▶ _WHAT YOU ARE ASKED TO DO_
Exactly the lines from the one containing "Biała pojedyncza lampa" through the one containing "リリーブラウン Lily Brown" in the listing below are to be copied, with the pictures left out.

▶ _RECORDS SHOWN_

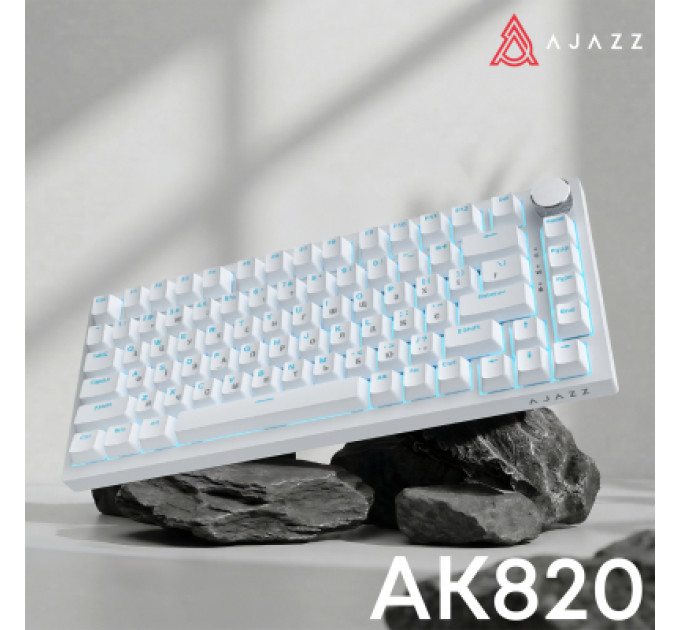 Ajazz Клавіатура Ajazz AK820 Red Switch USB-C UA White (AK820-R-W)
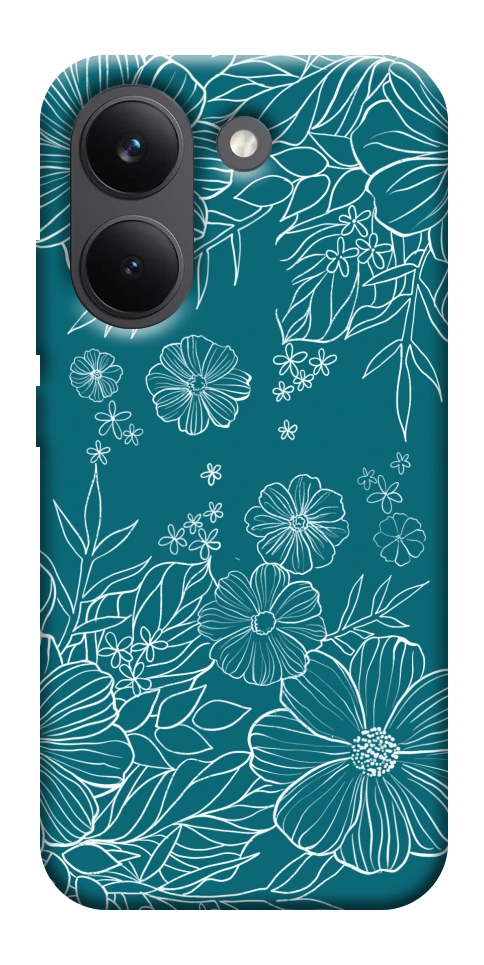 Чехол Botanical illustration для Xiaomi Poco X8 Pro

==

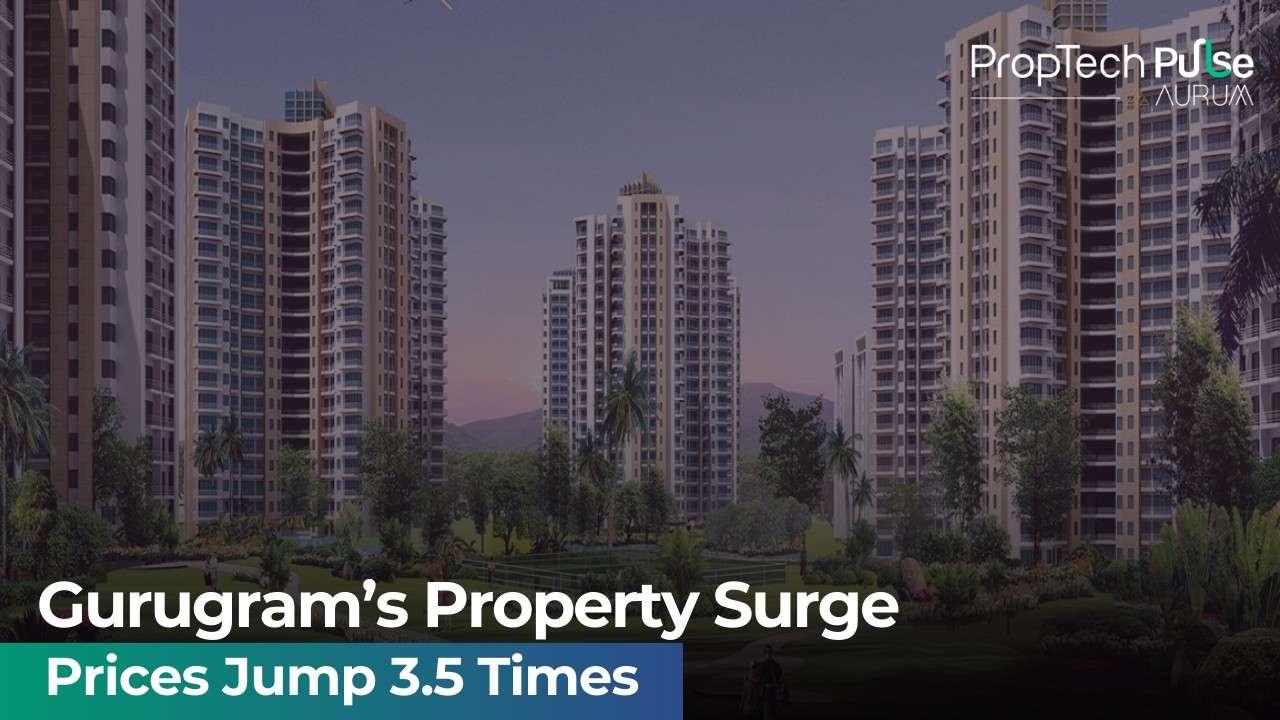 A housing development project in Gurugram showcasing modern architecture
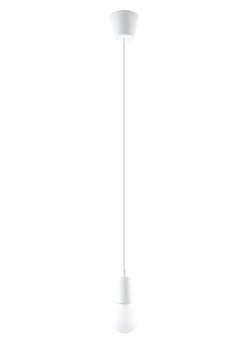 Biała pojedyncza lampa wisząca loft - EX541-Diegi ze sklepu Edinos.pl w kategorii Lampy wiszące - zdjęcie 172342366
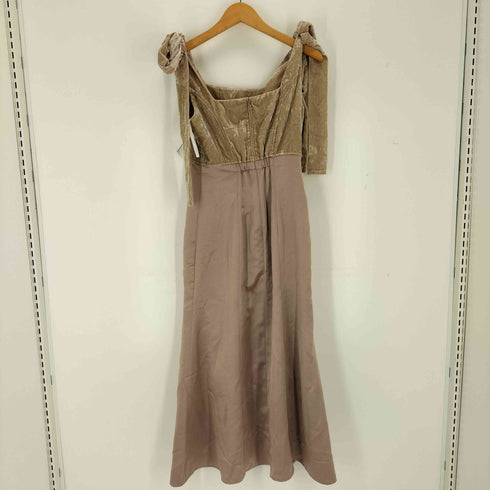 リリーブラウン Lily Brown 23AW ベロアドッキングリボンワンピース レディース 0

* * *

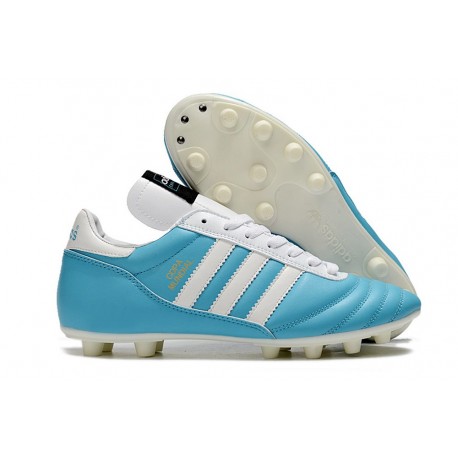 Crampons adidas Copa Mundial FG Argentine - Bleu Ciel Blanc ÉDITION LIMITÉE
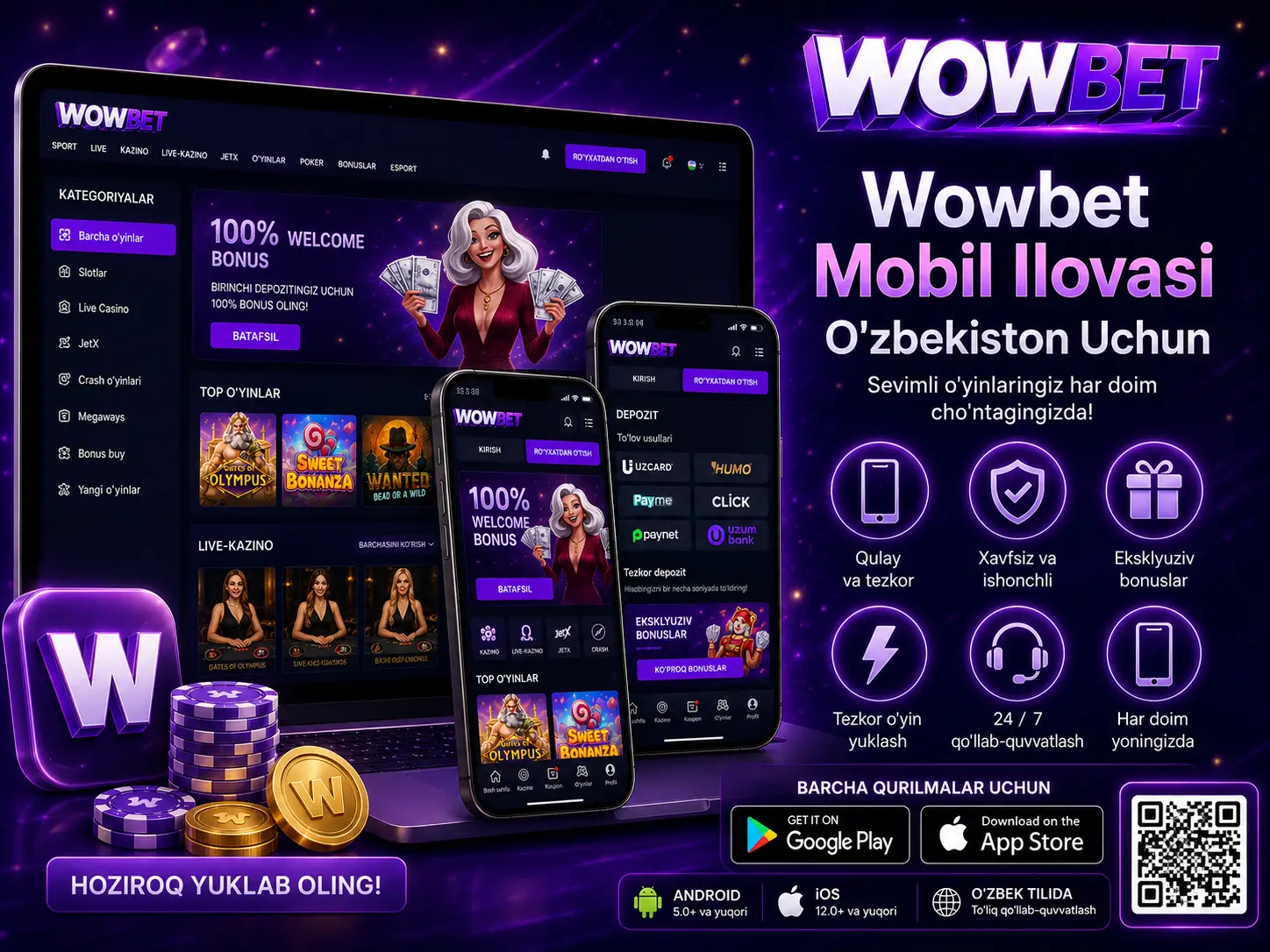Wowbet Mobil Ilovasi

▶ _EXERCISE ANSWER_
 Biała pojedyncza lampa wisząca loft - EX541-Diegi ze sklepu Edinos.pl w kategorii Lampy wiszące - zdjęcie 172342366
 リリーブラウン Lily Brown 23AW ベロアドッキングリボンワンピース レディース 0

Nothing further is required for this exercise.